Tuesday, January 8, 2019

Containers, Docker, and Kubernetes

In the last couple of months I have been back in training mode and helping people understand more about containers and how to manage them. The focus has been on Azure's container offerings, although a lot of the work is very platform agnostic, and that is really the point of containers.

For those that have never used Azure before, or need a refresher on some of the great things you can do, in both, the Azure Portal, and from the command line, here are couple of short modules in the new Microsoft Learn site:


I encourage everyone that uses Azure to learn how to use the command line tools. For the longest time I avoided the CLI as I like the way the Portal allows you to discover new features through exploration, which has always been the advantage of a graphical user interface over the command line. Yet the strength of learning the command line tools is how fast you can get tasks accomplished as well as the ability to automate tasks with scripts.
Microsoft Learn has a module to learn about automating Azure tasks here


In order to understand the value of containers I believe it is important to know how we (as an industry) got to this point. I find that understanding the history of technology helps to explain the current situation. (It also makes it easier to extrapolate out potential futures.) From the perspective of server technologies, and hosting applications with an intention to scale them, virtualization, and virtual machines have been a standard mechanism for the longest time. If you have never used a VM (virtual machine) you can get some perspective from following this lab and setting up a VM.

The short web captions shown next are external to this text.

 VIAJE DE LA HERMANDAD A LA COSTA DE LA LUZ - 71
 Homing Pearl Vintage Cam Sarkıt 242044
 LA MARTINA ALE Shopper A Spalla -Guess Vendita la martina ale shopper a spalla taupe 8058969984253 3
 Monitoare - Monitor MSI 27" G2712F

A Virtual Machine abstracts the physical hardware upon which it runs. When you deploy an application to a VM you should not care what the actual hardware is. Often a physical server can be running multiple virtual machines, and this provides a higher level of potential resource utilization. Considering that data canters are starting to become a noticeable consumer of world power supplies, it should be obvious that the more energy efficient we can be with our servers the better we are conserving our global resources. Yes, virtualization might be economically efficient, and it could be considered ecological more efficient than running everything on physical hardware. A virtual machine will host an operating system, and the software you deploy will need to run on that operating system.  Virtual Machine technology is what enables most of the worlds big Cloud providers to work. For a high level understanding of how Azure works this video provides a good overview

A container provides a host to run a software application that abstracts another level of concern away from the deployment. While Virtual Machines provide an abstraction from the physical hardware, containers provide an abstraction from the operating system.

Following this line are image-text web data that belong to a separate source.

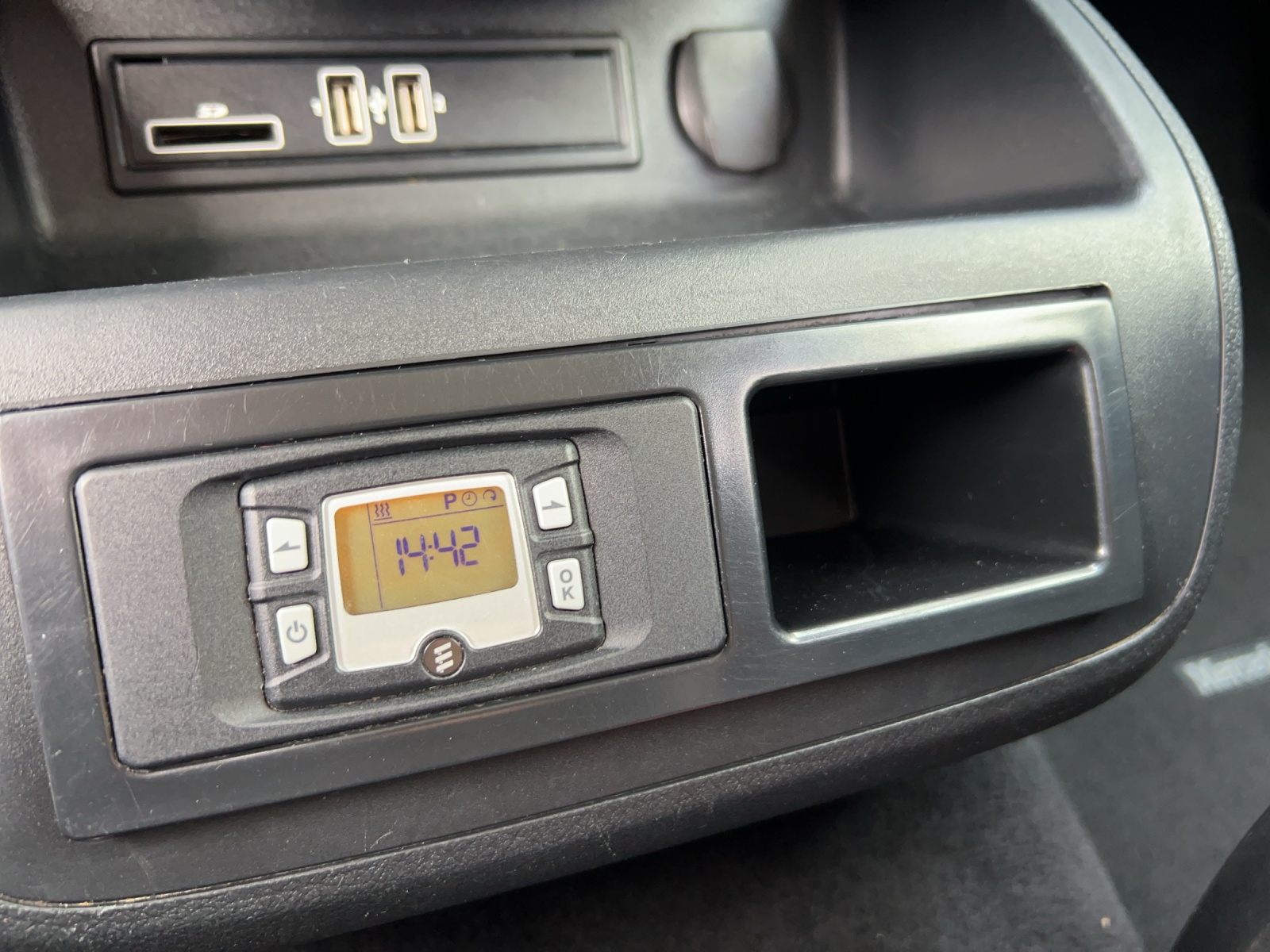 MERCEDES-BENZ Marco Polo Horizon 250 d 7G-Tronic-image-11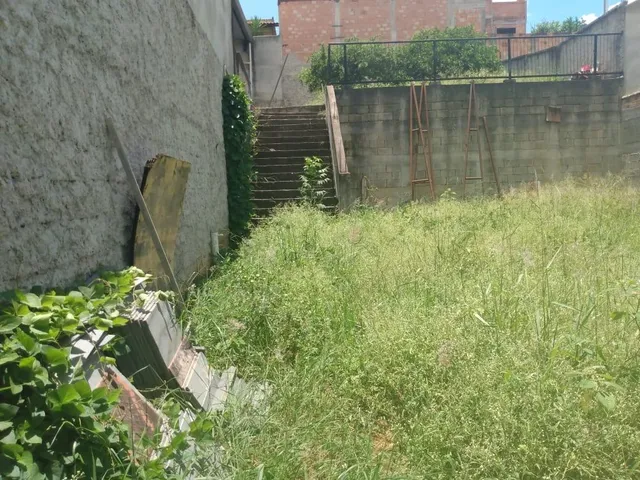 Imagem 11: Excelente oportunidade! Lote de 250 m² totalmente murado, oferecendo privacidade e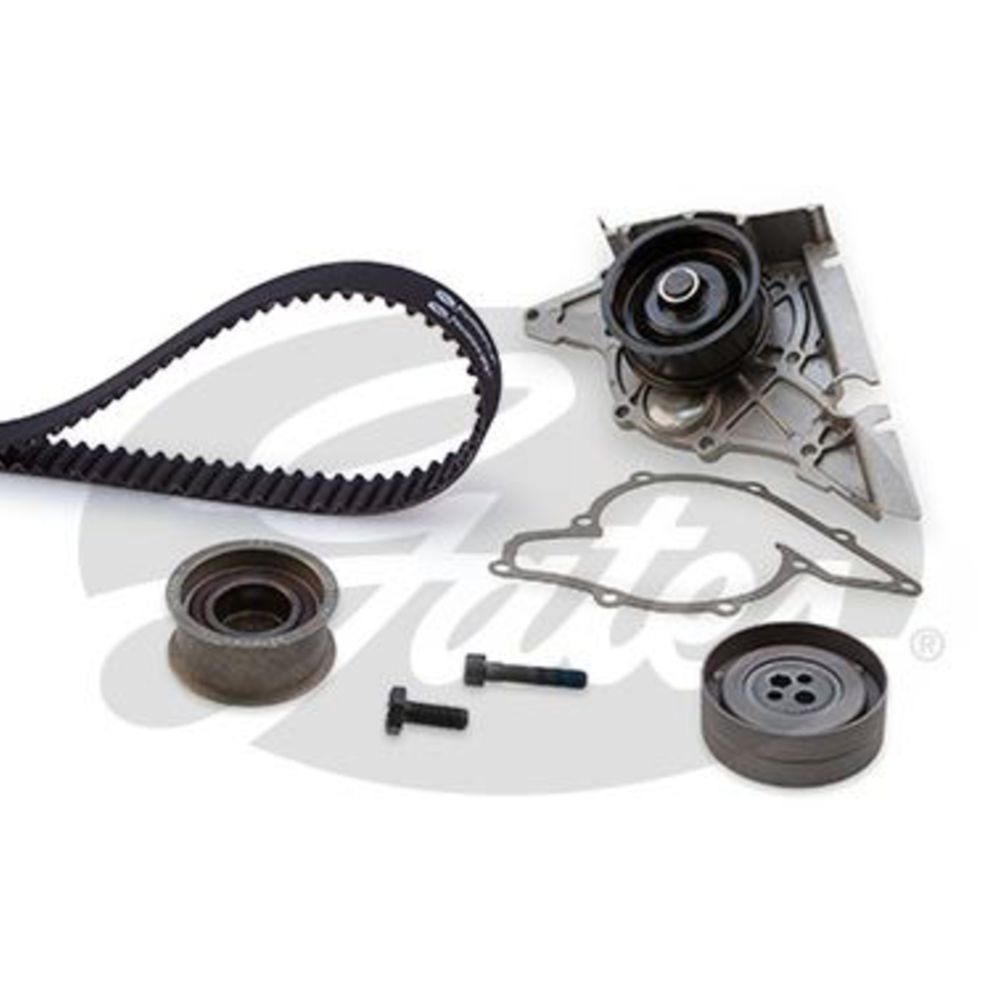 Veepump + hammasrihmakomplekt 25-9753
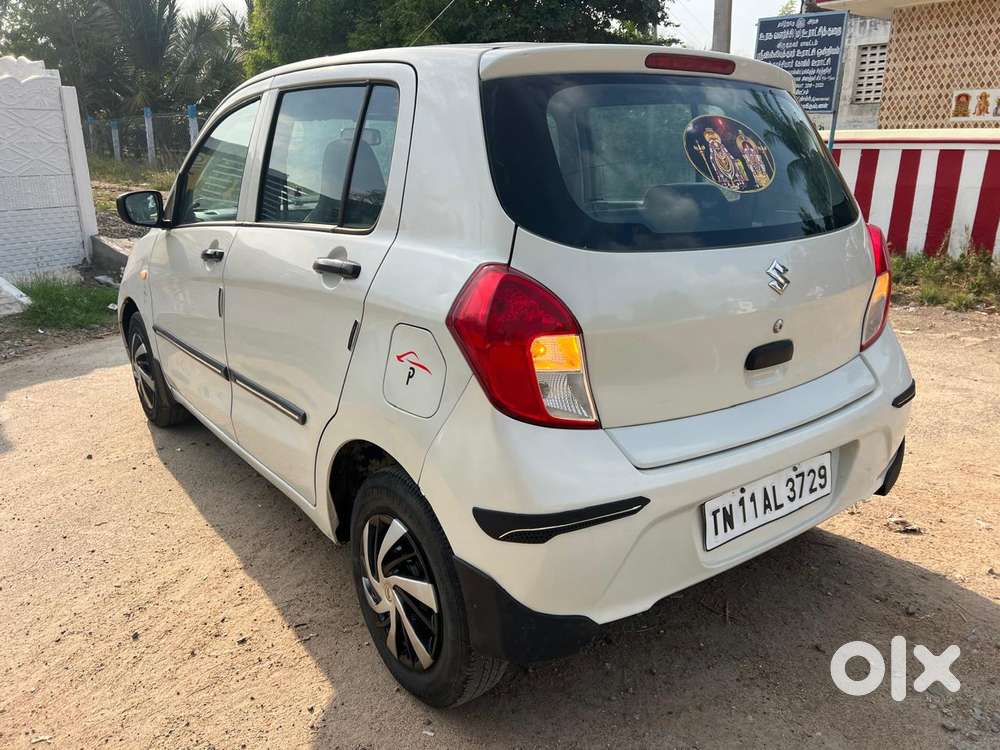 Maruti Suzuki Celerio Tour H2, 2019, Petrol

By being abstracted from the OS (operating system), there is no longer a need to be concerned about the setup of the OS, how it hosts your application, where it has your application installed, and numerous other issues. This enables a more agile approach to be taken when deploying applications. An application running in a container can be easily moved from one location to another, simply move the container and everything you need will come with it.

Containers also enable an even greater level of resource (energy) efficiency. When an application is hosted in a virtual machine, then you scale the application by creating copies of that virtual machine (scale out), or adding more computer resources to the virtual machine (scale up). The virtual machine is the unit of scaling. With a container, the unit of scaling is closer to the application, you scale out your application by creating more instances of your container. As a virtual machine can host multiple container instances you are going to be getting more from the potential resources than if you only have the application running once per virtual machine.

Containers are not limited to specific types of application, or programming language either. Most common languages and types of app can be containerized. A container can run on a local machine, your laptop, a big data canter server, or an IOT device. This means you can build and test containers locally and then deploy them to scale with the confidence they will work the same way.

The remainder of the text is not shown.